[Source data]

▬▬▬

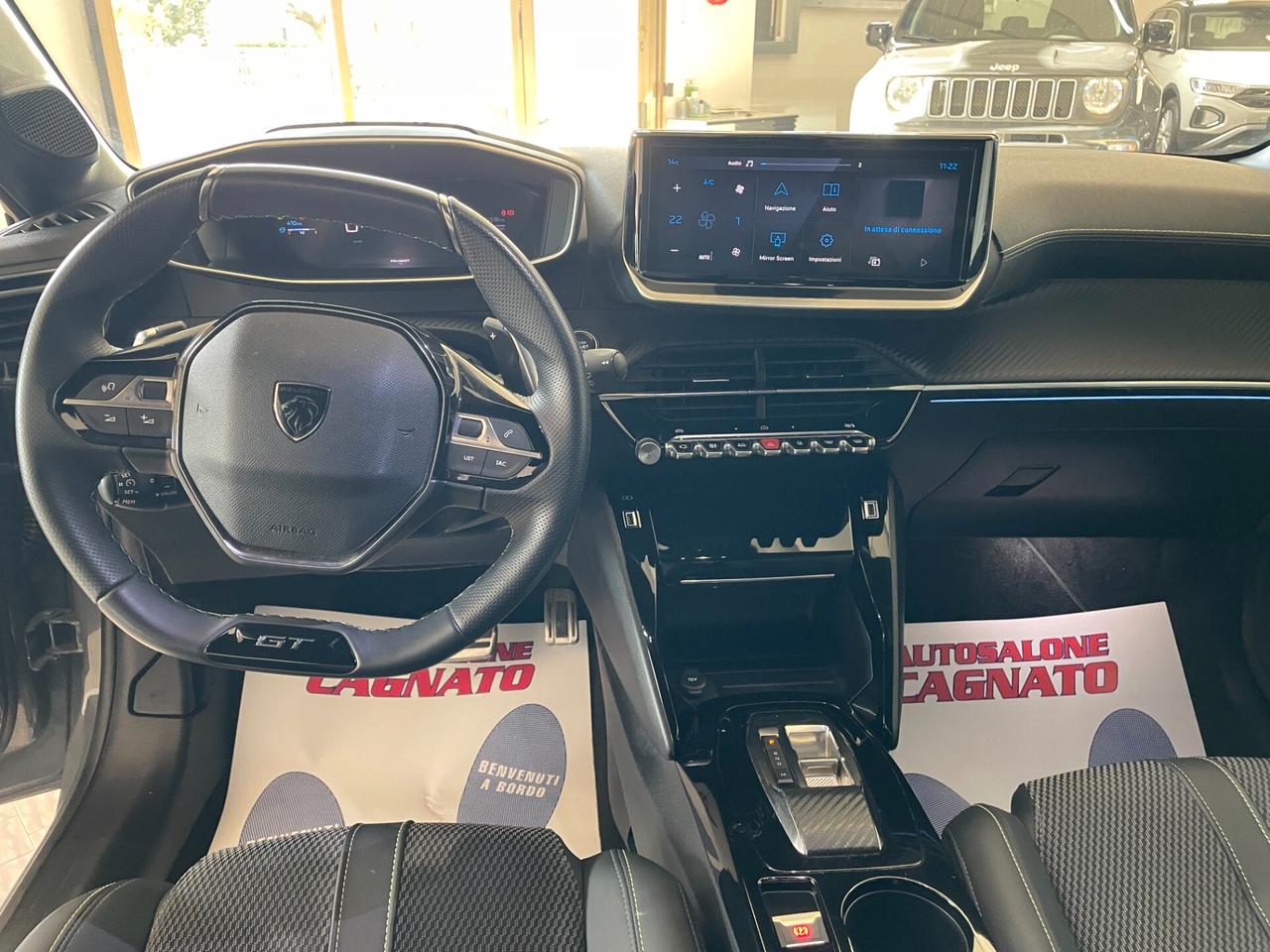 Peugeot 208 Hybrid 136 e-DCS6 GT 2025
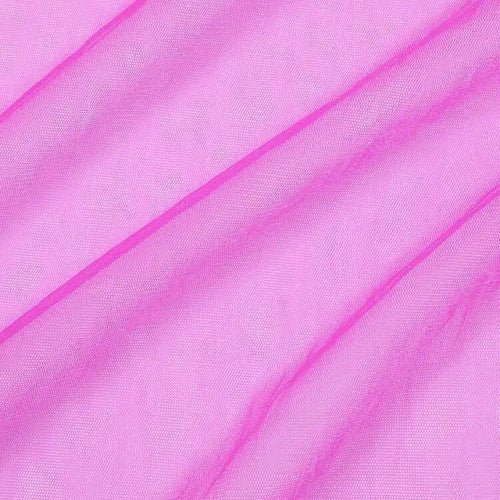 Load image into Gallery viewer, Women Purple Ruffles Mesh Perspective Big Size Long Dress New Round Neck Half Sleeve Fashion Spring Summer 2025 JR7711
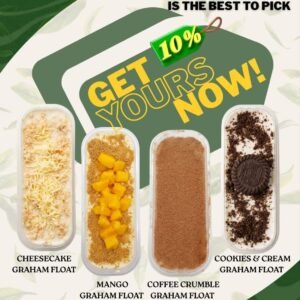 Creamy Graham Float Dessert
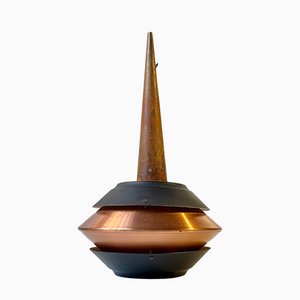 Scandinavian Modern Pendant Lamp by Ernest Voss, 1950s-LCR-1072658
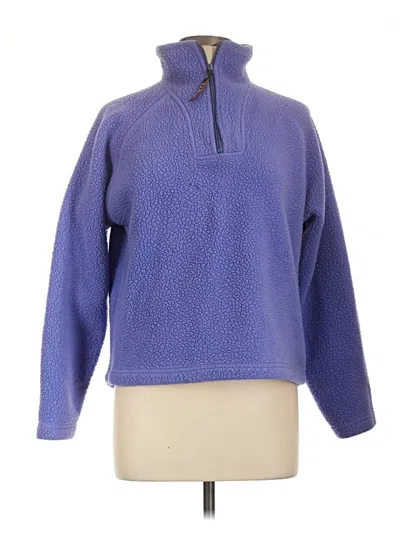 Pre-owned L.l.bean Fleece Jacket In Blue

▬▬▬

Print, with pictures removed, exactly the lines of the records above from the top through the line containing "Creamy Graham Float Dessert".

> **Response to the exercise**:
 Peugeot 208 Hybrid 136 e-DCS6 GT 2025
 Load image into Gallery viewer, Women Purple Ruffles Mesh Perspective Big Size Long Dress New Round Neck Half Sleeve Fashion Spring Summer 2025 JR7711
 Creamy Graham Float Dessert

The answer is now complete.